→ What you are asked to do
Would you retype, word for word, only the lines from the one holding "Womens Plus Basic" through the final line of the entries below, without the pictures?

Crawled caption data
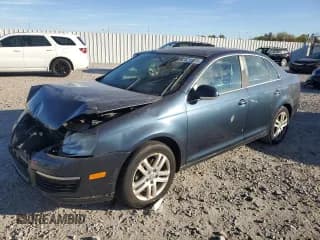 ✅ 2007 Volkswagen Jetta 2.5 • VIN: 3VWSF71K17M011108 • Lot: 82521135. Listed on Copart with 234,945 mi. Free auction sales archive from the USA and detailed vehicle history report at DreamBid. Image 1.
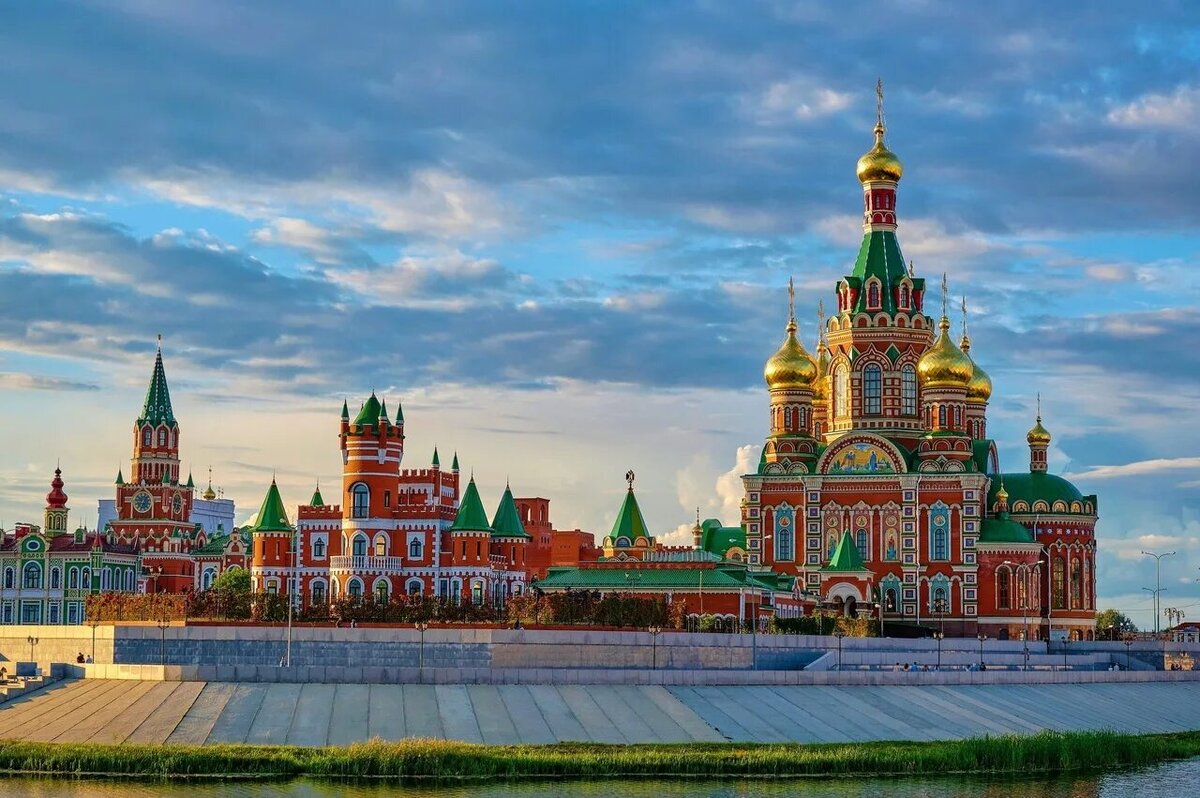 день республики марий эл. голубое озеро йошкар ола. флаг республики марий эл. марий эл йошкар-ола. республика марии.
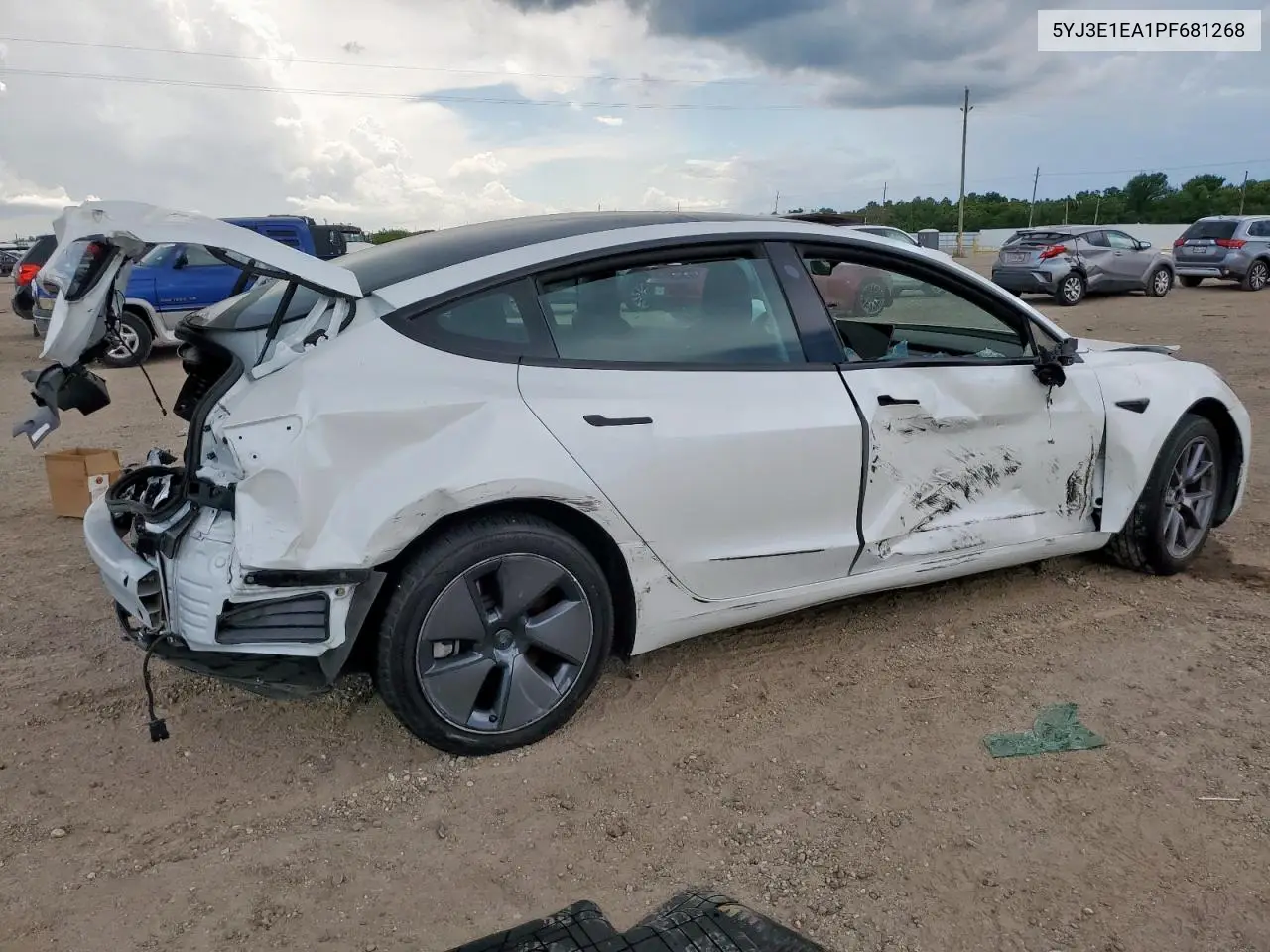 2023 Tesla Model 3 VIN: 5YJ3E1EA1PF681268 Lot: 62927365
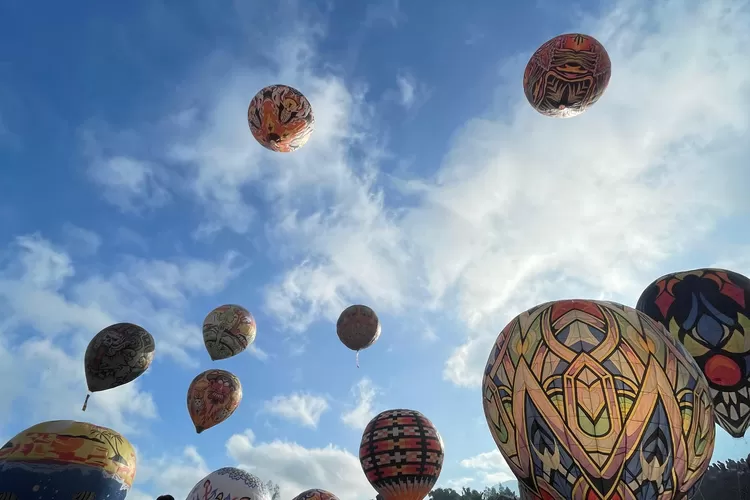 Suasana gelaran Festival Balon di sejumlah wilayah Kabupaten Wonosobo Jawa Tengah (13/4) (Elizabeth Widowati )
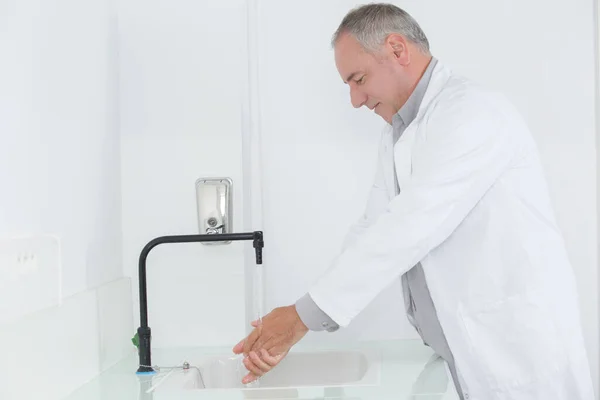 Concept Surgeon Washing Hands — Stock Photo, Image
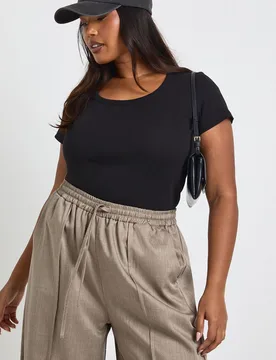 Womens Plus Basic Rib Scoop Neck Fitted Short Sleeve Top - Black - Size 18 Uk - Boohoo - FashionsVida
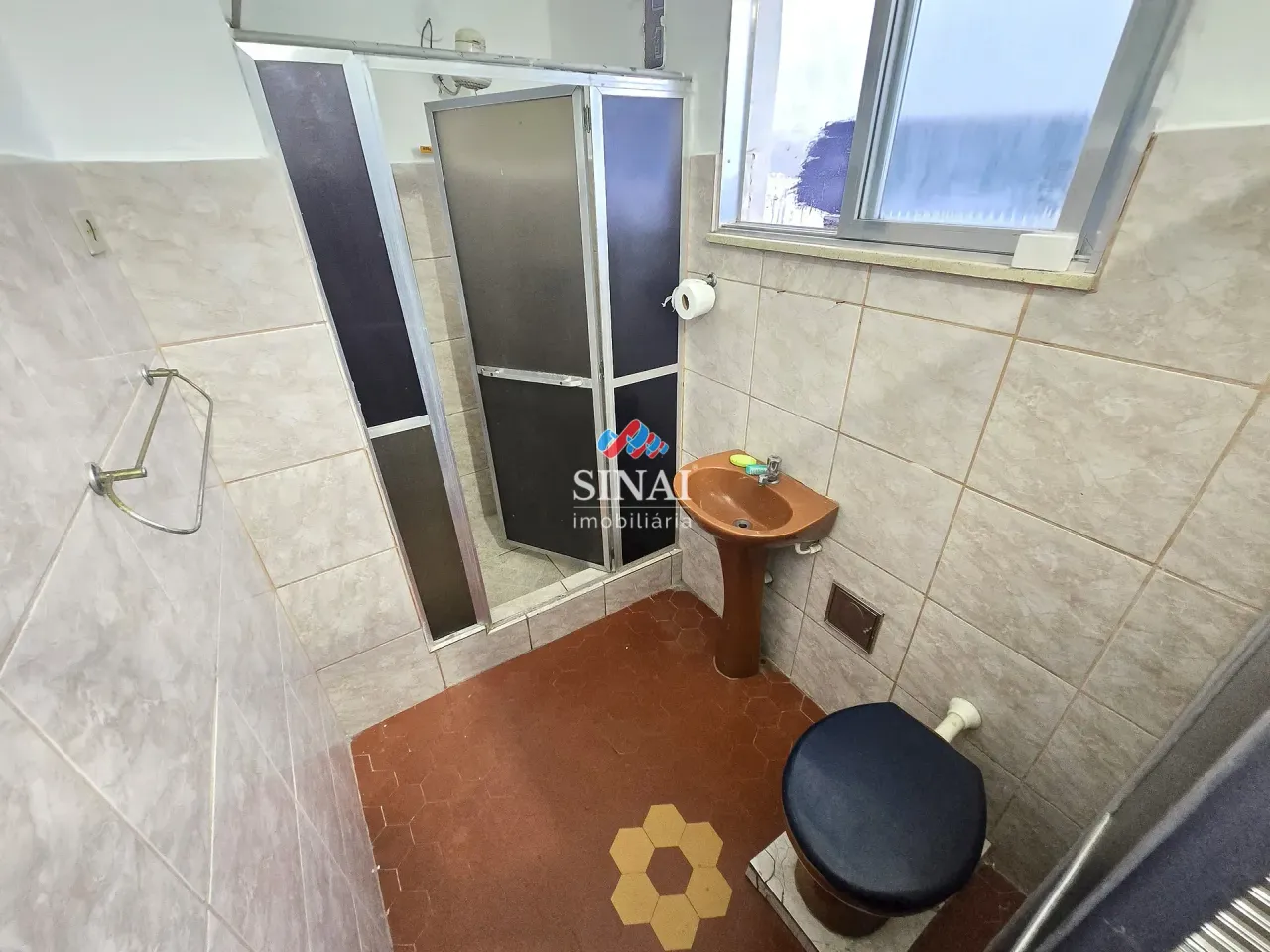 1-bedroom apartment with balcony and fitted kitchen cabinets — photo 6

→ Written answer
 Womens Plus Basic Rib Scoop Neck Fitted Short Sleeve Top - Black - Size 18 Uk - Boohoo - FashionsVida
 1-bedroom apartment with balcony and fitted kitchen cabinets — photo 6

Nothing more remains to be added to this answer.